J'espère ne pas être redondant mais je n'ai pas trouvé la solution par ailleurs. 
Voici mon problème: nouvellement abonné Numéricable après de grosses défaillances chez Free, j'ai relié un disque dur externe 2To à labox numéricable. Le disque apparait bien dans le média center de labox et je peux lire mes fichiers sur ma TV. 

J'utilise le ftp pour pouvoir voir le contenu de ce disque sur mon MacBook sans le brancher directement au Mac, mais quand je veux collé un fichier sur ce disque depuis mon mac en ftp impossible. J'ai un petit signe sens interdit qui apparait. J'ai cru pouvoir y arriver avec FileZilla mais non à chaque fois ça me met une erreur (alors que je n'ai pas le sens interdit mais un plus vert quand je veux tenter un glissé déposé). Mais compétences techniques étant limitées je ne sais pas ce que je fais de mal.

Pour résumé sur la freebox revolution je pouvais sans soucis faire du copié collé entre mon mac et la box et disques dures reliés. Je pouvais même faire du copié collé directement depuis ma tv entre une clé usb et le disque interne de la freebox ou mon disque dur externe relié. J'aimerais retrouver ce genre de fonctionnalité sur ma box numéricable. 

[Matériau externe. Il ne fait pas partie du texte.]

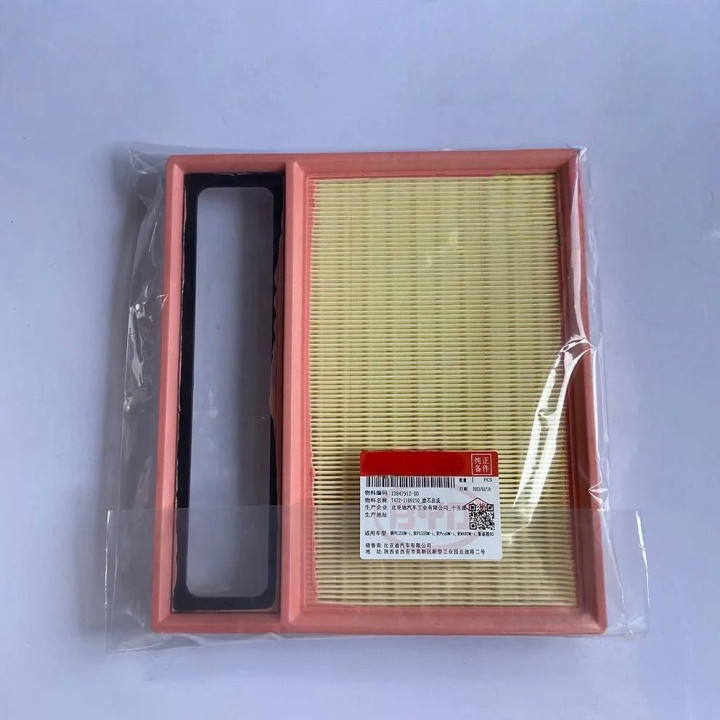 Filtr powietrza silnika do BYD Atto 3, Seal i Seal U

Si quelqu'un à la solution je lui en serait reconnaissant. 
Merci d'avance !


----------



## Deleted member 18124 (5 Mars 2015)

Bonjour,

Il n'est pas possible d'écrire sur le disque dur connecté à LaBox sauf si tu peux connecter ton disque dur à la box en ethernet (dans ce cas-là il est vu comme disque dur réseau).


----------



## One more macuser (5 Mars 2015)

Ok tant pis :-(

Merci pour ta réponse en tout cas !


----------